DATASET ENTRIES =
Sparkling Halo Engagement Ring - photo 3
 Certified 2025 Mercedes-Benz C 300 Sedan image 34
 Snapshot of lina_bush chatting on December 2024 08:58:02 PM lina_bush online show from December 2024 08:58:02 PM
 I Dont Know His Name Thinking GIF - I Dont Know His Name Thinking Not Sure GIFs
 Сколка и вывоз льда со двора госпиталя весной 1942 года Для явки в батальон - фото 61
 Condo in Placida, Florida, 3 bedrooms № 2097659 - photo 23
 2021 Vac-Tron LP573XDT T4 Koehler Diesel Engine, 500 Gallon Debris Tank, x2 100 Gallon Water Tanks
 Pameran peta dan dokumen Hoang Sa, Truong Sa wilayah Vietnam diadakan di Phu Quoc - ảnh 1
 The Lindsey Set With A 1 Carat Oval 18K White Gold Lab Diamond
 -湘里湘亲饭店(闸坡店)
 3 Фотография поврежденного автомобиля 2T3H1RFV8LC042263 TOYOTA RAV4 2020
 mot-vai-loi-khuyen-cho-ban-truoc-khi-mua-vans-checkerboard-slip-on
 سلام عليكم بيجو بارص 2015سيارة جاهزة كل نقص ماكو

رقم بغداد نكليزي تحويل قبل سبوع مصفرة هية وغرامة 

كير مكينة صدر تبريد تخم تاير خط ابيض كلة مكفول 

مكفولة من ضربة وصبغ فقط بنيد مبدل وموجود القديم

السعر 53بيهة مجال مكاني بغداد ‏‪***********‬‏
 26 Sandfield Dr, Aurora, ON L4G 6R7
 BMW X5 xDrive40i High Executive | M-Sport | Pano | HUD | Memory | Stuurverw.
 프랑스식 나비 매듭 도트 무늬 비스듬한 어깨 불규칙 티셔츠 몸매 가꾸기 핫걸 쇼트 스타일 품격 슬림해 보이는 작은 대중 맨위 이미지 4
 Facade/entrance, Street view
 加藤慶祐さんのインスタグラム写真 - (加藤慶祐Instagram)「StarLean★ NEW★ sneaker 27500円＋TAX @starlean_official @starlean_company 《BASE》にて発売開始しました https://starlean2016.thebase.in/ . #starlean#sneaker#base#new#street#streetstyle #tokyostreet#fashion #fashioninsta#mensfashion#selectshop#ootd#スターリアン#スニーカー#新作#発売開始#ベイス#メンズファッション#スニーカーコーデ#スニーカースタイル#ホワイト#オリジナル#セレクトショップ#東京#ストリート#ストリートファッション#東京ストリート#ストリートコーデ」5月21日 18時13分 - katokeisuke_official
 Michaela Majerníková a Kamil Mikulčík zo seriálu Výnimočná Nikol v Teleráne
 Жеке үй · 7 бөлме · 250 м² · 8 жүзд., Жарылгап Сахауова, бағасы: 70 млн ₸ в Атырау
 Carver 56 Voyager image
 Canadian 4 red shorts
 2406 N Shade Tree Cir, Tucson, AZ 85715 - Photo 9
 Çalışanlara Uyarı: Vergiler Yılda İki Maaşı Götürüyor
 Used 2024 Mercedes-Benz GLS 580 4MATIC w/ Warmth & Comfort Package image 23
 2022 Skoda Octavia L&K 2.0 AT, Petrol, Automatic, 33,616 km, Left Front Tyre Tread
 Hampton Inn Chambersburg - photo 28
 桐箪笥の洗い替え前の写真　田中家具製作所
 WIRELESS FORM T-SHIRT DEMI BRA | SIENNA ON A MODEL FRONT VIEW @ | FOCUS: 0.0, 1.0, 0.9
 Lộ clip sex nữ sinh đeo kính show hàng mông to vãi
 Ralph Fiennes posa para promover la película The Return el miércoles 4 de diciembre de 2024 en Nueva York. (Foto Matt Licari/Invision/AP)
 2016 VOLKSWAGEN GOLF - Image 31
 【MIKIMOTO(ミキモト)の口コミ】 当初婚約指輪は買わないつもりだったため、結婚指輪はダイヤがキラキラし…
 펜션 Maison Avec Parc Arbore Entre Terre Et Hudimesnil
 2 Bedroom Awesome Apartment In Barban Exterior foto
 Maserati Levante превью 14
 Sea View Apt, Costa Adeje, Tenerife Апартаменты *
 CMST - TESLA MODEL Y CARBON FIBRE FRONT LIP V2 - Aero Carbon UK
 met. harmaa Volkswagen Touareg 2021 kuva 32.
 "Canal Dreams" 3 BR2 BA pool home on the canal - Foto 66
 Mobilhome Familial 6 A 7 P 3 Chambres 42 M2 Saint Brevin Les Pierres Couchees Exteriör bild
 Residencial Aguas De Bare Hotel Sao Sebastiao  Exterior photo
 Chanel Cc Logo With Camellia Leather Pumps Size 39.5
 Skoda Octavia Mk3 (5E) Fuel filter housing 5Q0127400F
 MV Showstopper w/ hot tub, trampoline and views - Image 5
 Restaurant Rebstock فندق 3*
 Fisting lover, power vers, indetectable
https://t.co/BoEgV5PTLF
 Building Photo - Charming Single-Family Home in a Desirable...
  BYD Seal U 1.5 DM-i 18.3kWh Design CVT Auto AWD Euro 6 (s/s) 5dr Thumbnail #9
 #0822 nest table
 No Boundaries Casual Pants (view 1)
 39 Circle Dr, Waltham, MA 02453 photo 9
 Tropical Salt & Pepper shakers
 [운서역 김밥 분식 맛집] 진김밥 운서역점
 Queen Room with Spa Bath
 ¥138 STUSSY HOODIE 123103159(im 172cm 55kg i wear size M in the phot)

YOUR OBJECTIVE = Taking the material above, extract exactly and only the lines from the line with "-湘里湘亲饭店(闸坡店)" to the line with "加藤慶祐さんのインスタグラム写真 - (加藤慶祐Instagram)「StarLean★", inclusive of both.

RESPONSE =
 -湘里湘亲饭店(闸坡店)
 3 Фотография поврежденного автомобиля 2T3H1RFV8LC042263 TOYOTA RAV4 2020
 mot-vai-loi-khuyen-cho-ban-truoc-khi-mua-vans-checkerboard-slip-on
 سلام عليكم بيجو بارص 2015سيارة جاهزة كل نقص ماكو

رقم بغداد نكليزي تحويل قبل سبوع مصفرة هية وغرامة 

كير مكينة صدر تبريد تخم تاير خط ابيض كلة مكفول 

مكفولة من ضربة وصبغ فقط بنيد مبدل وموجود القديم

السعر 53بيهة مجال مكاني بغداد ‏‪***********‬‏
 26 Sandfield Dr, Aurora, ON L4G 6R7
 BMW X5 xDrive40i High Executive | M-Sport | Pano | HUD | Memory | Stuurverw.
 프랑스식 나비 매듭 도트 무늬 비스듬한 어깨 불규칙 티셔츠 몸매 가꾸기 핫걸 쇼트 스타일 품격 슬림해 보이는 작은 대중 맨위 이미지 4
 Facade/entrance, Street view
 加藤慶祐さんのインスタグラム写真 - (加藤慶祐Instagram)「StarLean★ NEW★ sneaker 27500円＋TAX @starlean_official @starlean_company 《BASE》にて発売開始しました https://starlean2016.thebase.in/ . #starlean#sneaker#base#new#street#streetstyle #tokyostreet#fashion #fashioninsta#mensfashion#selectshop#ootd#スターリアン#スニーカー#新作#発売開始#ベイス#メンズファッション#スニーカーコーデ#スニーカースタイル#ホワイト#オリジナル#セレクトショップ#東京#ストリート#ストリートファッション#東京ストリート#ストリートコーデ」5月21日 18時13分 - katokeisuke_official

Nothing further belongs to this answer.